Hof ‘s-Hertogenbosch oordeelt dat een woning tot het moment van de feitelijke levering niet als eigen woning is aan te merken, maar wordt aangemerkt als bezitting in box 3. Dat de verkopers op 1 januari nog in het huis wonen, doet daar niet aan af.

X woont in 2016 samen met zijn echtgenoot in België. In 2015 koopt X een woning in Nederland, waarvan de feitelijke levering plaatsvindt op 31 augustus 2016. Vanaf dat moment begint het echtpaar met het verbouwen van de woning. De echtgenoot schrijft zich op 7 juni 2017 in de BRP in en X doet dat op 5 april 2019. De inspecteur rekent in de belastingaanslag IB 2016 de woning voor 8 maanden tot box 3.

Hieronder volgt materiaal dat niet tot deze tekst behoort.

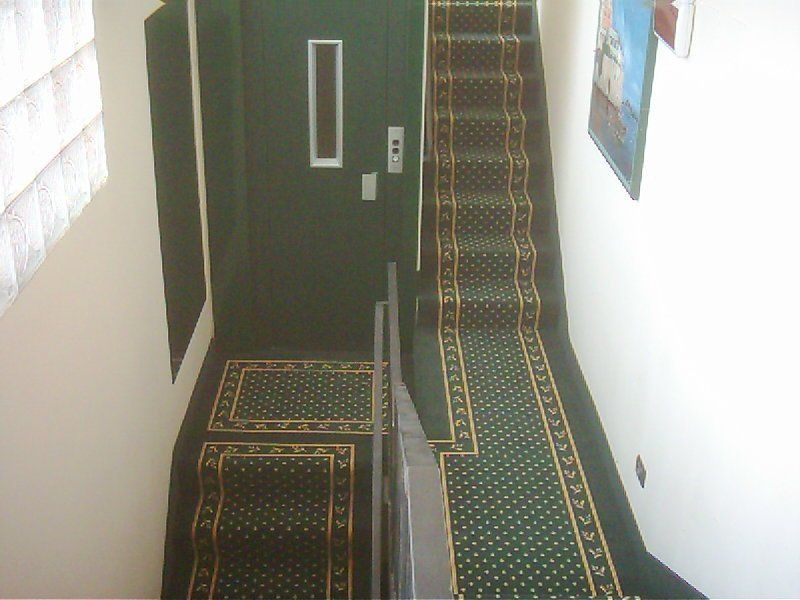 moquette decorata in un corridoio di albergo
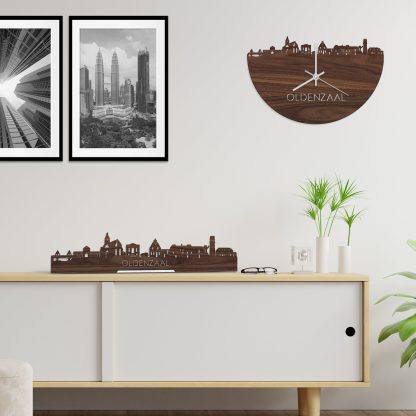 Skyline Klok Oldenzaal Noten houten cadeau wanddecoratie relatiegeschenk van WoodWideCities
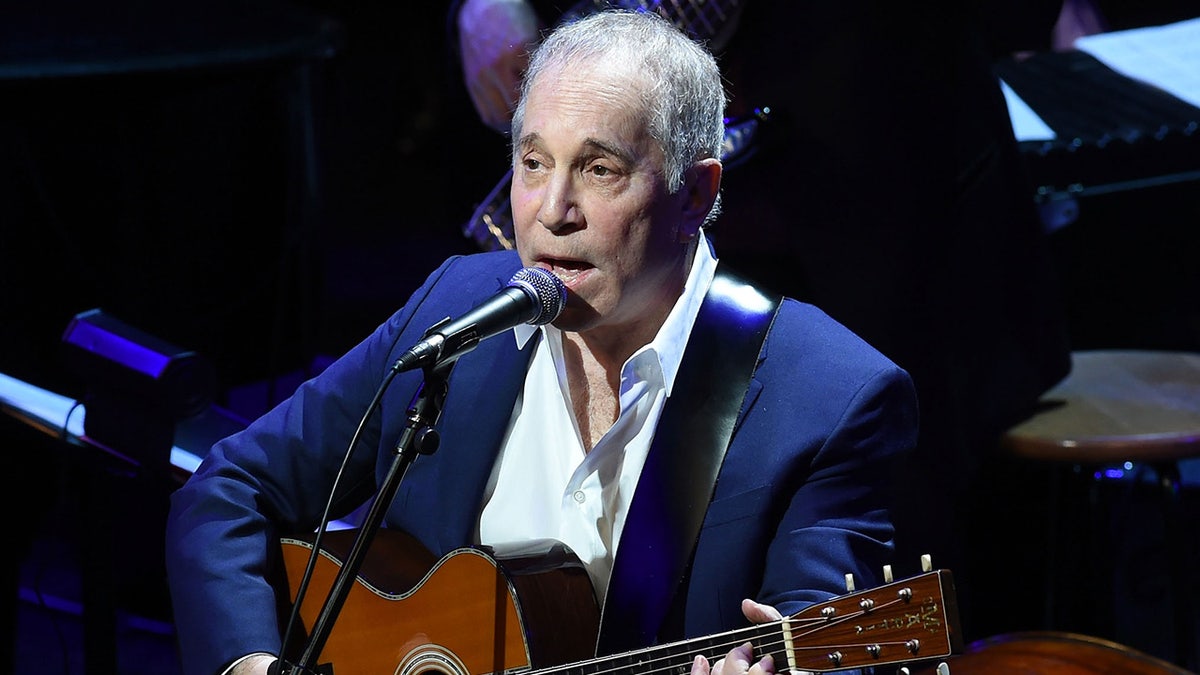 Paul Simon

Hof ‘s-Hertogenbosch oordeelt dat de woning tot en met 31 augustus 2016 niet als eigen woning is aan te merken. Dat X vanaf de juridische levering de intentie heeft gehad om zelf in de woning te gaan wonen, doet daar niet aan af. Dat de verkopers op 1 januari 2016 nog de woning bewoonden, is geen reden om af te wijken van de WOZ-waarde als uitgangspunt voor de waardering. Het hoger beroep van X is ongegrond.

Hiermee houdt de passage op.